When the orange moon climbed high in the sky that night and the fire burned to glowing embers, we padded off to our rooms to sleep. I lay awake for awhile, smiling at my good fortune. Not only did I get to meet my favorite actress, but we are spending precious time together, getting to know each other, becoming friends. And tonight I will fall asleep under her roof, beneath the stars of a most generous heaven.
Sandy and I stayed in touch for many years, exchanging letters and Christmas cards. Later on, I spent one other weekend at her home with a friend. After that we never saw each other again. I often thought of her, though, and the memory of her gentle, kind and generous spirit always filled my heart. I imagined her well, happy and successful. So I was shocked one rainy March morning in 1992 when I turned on the radio and learned that she had passed away. The news came while I was writing a letter. My fingers relaxed and I dropped my pen. Warm, salty tears welled in my eyes, rolled down my cheeks and onto the sheet of stationery. When my eyes cleared, the first words I wrote were, “I lost a friend today.”
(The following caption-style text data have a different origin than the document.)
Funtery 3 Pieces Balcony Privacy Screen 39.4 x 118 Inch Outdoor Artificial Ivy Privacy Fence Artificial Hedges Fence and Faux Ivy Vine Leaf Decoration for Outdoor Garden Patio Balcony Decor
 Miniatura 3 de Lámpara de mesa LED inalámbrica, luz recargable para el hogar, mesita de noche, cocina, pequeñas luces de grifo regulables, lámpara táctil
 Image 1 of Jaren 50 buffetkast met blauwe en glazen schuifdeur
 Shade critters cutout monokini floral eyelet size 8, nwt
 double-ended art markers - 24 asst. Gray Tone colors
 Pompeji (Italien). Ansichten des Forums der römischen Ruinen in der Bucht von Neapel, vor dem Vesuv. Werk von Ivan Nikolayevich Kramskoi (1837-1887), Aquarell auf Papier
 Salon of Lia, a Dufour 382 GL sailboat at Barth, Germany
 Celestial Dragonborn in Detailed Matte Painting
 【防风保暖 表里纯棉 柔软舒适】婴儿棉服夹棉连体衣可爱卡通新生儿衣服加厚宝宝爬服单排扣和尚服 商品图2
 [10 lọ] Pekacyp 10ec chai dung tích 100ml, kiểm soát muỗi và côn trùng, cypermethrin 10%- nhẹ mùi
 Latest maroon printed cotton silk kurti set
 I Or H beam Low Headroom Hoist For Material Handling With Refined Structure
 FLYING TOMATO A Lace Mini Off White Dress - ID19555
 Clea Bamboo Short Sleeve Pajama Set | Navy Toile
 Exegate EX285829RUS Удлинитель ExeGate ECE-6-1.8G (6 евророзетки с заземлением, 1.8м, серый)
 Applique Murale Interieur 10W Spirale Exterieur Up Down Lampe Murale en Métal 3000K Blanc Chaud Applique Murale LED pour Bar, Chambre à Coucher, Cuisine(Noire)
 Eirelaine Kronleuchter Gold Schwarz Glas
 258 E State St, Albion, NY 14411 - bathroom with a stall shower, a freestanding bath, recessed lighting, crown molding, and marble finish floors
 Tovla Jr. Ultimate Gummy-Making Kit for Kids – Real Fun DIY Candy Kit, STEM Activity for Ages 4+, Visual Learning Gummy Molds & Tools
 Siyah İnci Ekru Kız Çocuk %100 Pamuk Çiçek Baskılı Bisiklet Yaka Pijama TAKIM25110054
So Sandy, wherever you are, this story’s for you. Hope it’s not too late.
********
Sandy Dennis died at age 54 from ovarian cancer. Perhaps her greatest work came to light after her death with the publication of “Sandy Dennis, A Personal Memoir” (Papier Mache Press, 1997). A work in progress at the time of her death, it is just 77 pages, and is a lyrical, poetic and often funny book. If Sandy had lived and continued to write, she would have been a shining star in the literary world today.

Kerry Lee Daniel is a writer, a dreamer and a late bloomer. She is also a proud member of WomanSong. Like Sandy Dennis, she is a Taurean and an ailurophile. Though “low” on cats at the moment, she credits Sandy Dennis with showing how easy it is to share a home with many cats. Kerry lives in a tree house apartment in Fairview that she shares with cat boys Barney and Ben. If you visit them, be sure to wear something you don’t care about.